FWIW, 2FA is very low friction. You'll get a "Is this you?" popup in your phone or tablet whenever someone uses your username and password in a new device/browser/application. If it wasn't you, then someone else besides you knows your credentials and you need to change them ASAP. If it was you, you have another 2FA point.
Also, I enabled 2FA a couple of years ago, and have been happily using app-specific passwords ("app passwords" now) since they were implemented. Tying them to 2FA activation doesn't look like an engineering limitation.
> You'll get a "Is this you?" popup in your phone or tablet whenever someone uses your username and password in a new device/browser/application.
I have two different concerns.
The first is that I frequently end up having to clear my browser cookies, for a variety of reasons. Every time I do, I have to redo the 2FA dance, on every single website that requires 2FA. I suppose I could find a different cookie management strategy, but I think it's good for both privacy and security to treat cookies as semi-ephemeral.
Secondly, I’m concerned that I'll either loose or replace my 2FA device and forget about the account until it's too late—again, I’m much more concerned about losing access to my account than someone else getting in. I would almost certainly loose any physical backup codes.
I also have a fantasy that I'll give up my smartphone one of these days, or at least not bring it everywhere I go. I’ll probably never do it, but the idea is such that I don't want to depend on an app for access to my account. I do think I’ve successfully made myself less dependent on my smartphone than a lot of people, and I’m proud of that accomplishment.
A prompt on my phone and an app on my phone come down to the same thing, and I'm not interested in getting a physical hardware security key. The backup codes are one-time use, and there is no way I would keep track of a slip of paper for years without loosing it.

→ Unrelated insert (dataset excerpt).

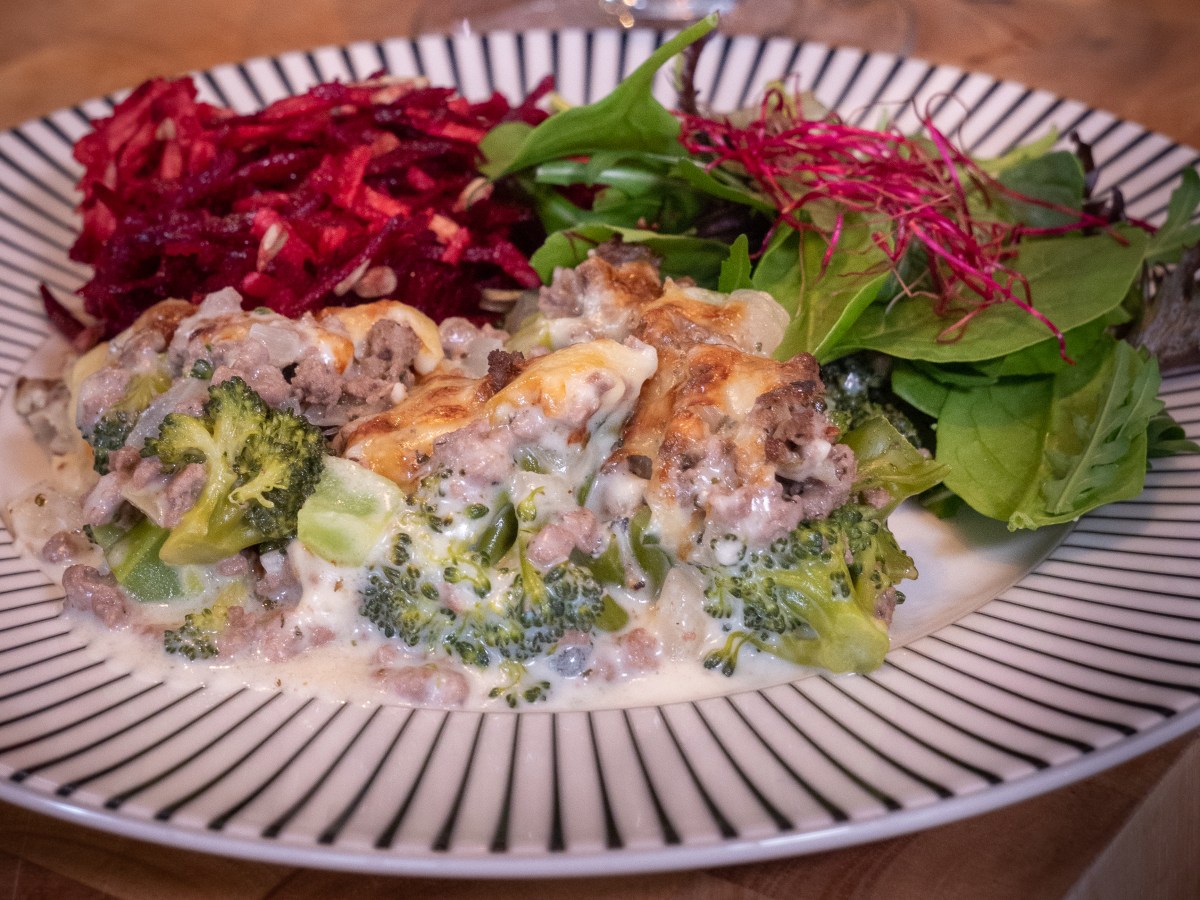 Broccoligratäng med vildsvinsfärs och&nbsp;ostsås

I could use my password manager (Bitwarden) as my TOTP generator, and I may eventually do that just to make all of these services shut up. But, wouldn't that leave my account no more secure than it already is today? It would effectively be single-factor authentication, since the password and the generator would be in the same place, protected by the same master password.
I’m not sure about Bitwarden, but 1Password requires quite a few pieces of information to log in on a new computer, because it derives the encryption key from both the hash of your password and the “Secret Key”. Effectively, it still IS 2FA, with the “something you have” factor being a device activated with the secret key and your 1Password OTP. If you don’t sign into your password manager on your computer directly this should be fine. But you do, of course, lose the ability to paste passwords.
But regardless of how the vault is protected, your password and your otp generator are both stored there, right? If you have access to one, you have access to the other. So, I don’t understand how requiring both to log in to Google improves security in any meaningful way.
Googles 2fa requires the user to give google his phone number before being able to add a totp authenticatior. That alone is reason for me to never use it for my google account. The popup also doesn't come up if you haven't signed up with google on your phone, obviously. There is nothing stopping them from just allowing anyone to add a normal totp 2fa generator, they just chose to not do that to get more of that sweet, sweet data.
Does Google fall back to SMS if you tell it you lost your totp authenticator? That’s problematic in its own way, but it would explain the phone number requirement.
That's more friction than I'm willing to tolerate. If they force me to use 2FA, I'm done with Gmail for good (it's already no longer my primary email).
And I'm not against 2FA in general, I just don't want to use it in this case.
Also, I enabled 2FA a couple of years ago, and have been happily using app-specific passwords ("app passwords" now) since they were implemented. Tying them to 2FA activation doesn't look like an engineering limitation.